Survivors of a killer earthquake in eastern Turkey sought to resurrect shattered lives Tuesday as experts warned the disaster was only a reminder of worse tremors threatening the country.

Often terrified anew by aftershocks, residents of remote villages devastated in Monday's tremor scrambled to collect any remaining valuables from the wreckage of mud-brick homes as earth-moving machines began clearing the rubble.

Survivors mourned not only the 51 dead, but also the loss of large numbers of livestock, their only livelihood in villages nestled among hills in an impoverished, mainly Kurdish area in Elazig province.

In Okcular, the worst-hit village, a woman used a baby bottle to give milk to two young calves wrapped in blankets, while several men fed cows, still trapped under the debris, with their hands.

"Stock breeding is the only thing we rely on, but 70 percent of our animals are dead," said Nurettin Yildirim, the elderman of the neighbouring Yukari Demirci village.

The pre-dawn tremor, which had a magnitude of 6.0, razed dozens of mud-brick houses in five villages, killing whole families in their beds. About 70 people were injured.

Survivors spent their first night in tents or huddled around bonfires, but few were able to sleep as a flurry of aftershocks continued to rattle the region, the most powerful of which had a magnitude of 5.5.

Almost all the dead were buried by Tuesday as soldiers and Red Crescent workers set up mobile kitchens and distributed relief supplies.

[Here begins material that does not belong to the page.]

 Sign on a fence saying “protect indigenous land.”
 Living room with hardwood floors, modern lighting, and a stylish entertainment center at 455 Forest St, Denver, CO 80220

Officials and experts lamented that shoddy construction exacerbated the disaster, as has been the case with other quakes in the past.

"The magnitude was only 6.0 but 51 lives were lost. The disaster is not in the quake, but in the mud-bricks," the Radikal daily wrote on its front page.

In Yukari Demirci, for instance, 33 mud-brick houses either collapsed or were severely damaged.

The only three houses that stayed intact in the village were cement structures built with government support to replace houses damaged by a 2003 tremor in the region.

Prime Minister Recep Tayyip Erdogan Monday ordered the public construction company to immediately start work to rebuild the homes of the victims.

Crossed by several active fault lines, Turkey is frequently jolted by earthquakes, but construction quality — crucial to minimize loss of life — remains a major problem.

"The number of deaths is related directly to the construction quality," said Okan Tuysuz, a geologist from Istanbul University. "Unfortunately, Turkey is a country poorly prepared for earthquakes in terms of building quality."

Many of the some 20,000 deaths in two powerful tremors that devastated northwestern Turkey in 1999 were also blamed on sub-standard buildings, the result of widespread corruption plaguing the construction sector.

Scientists expect a huge quake to hit Istanbul in the next 30 years, warning of massive destruction in a sprawling city of some 12 million, where migration from rural areas has led also to widespread illegal construction.

Tighter building rules were introduced in Turkey after the 1999 tragedy, but millions of old buildings need to be reinforced.

Istanbul Mayor Kadir Topbas said contingency plans were based on a scenario that a powerful quake in the city would flatten 50,000 buildings and claim 30,000 lives.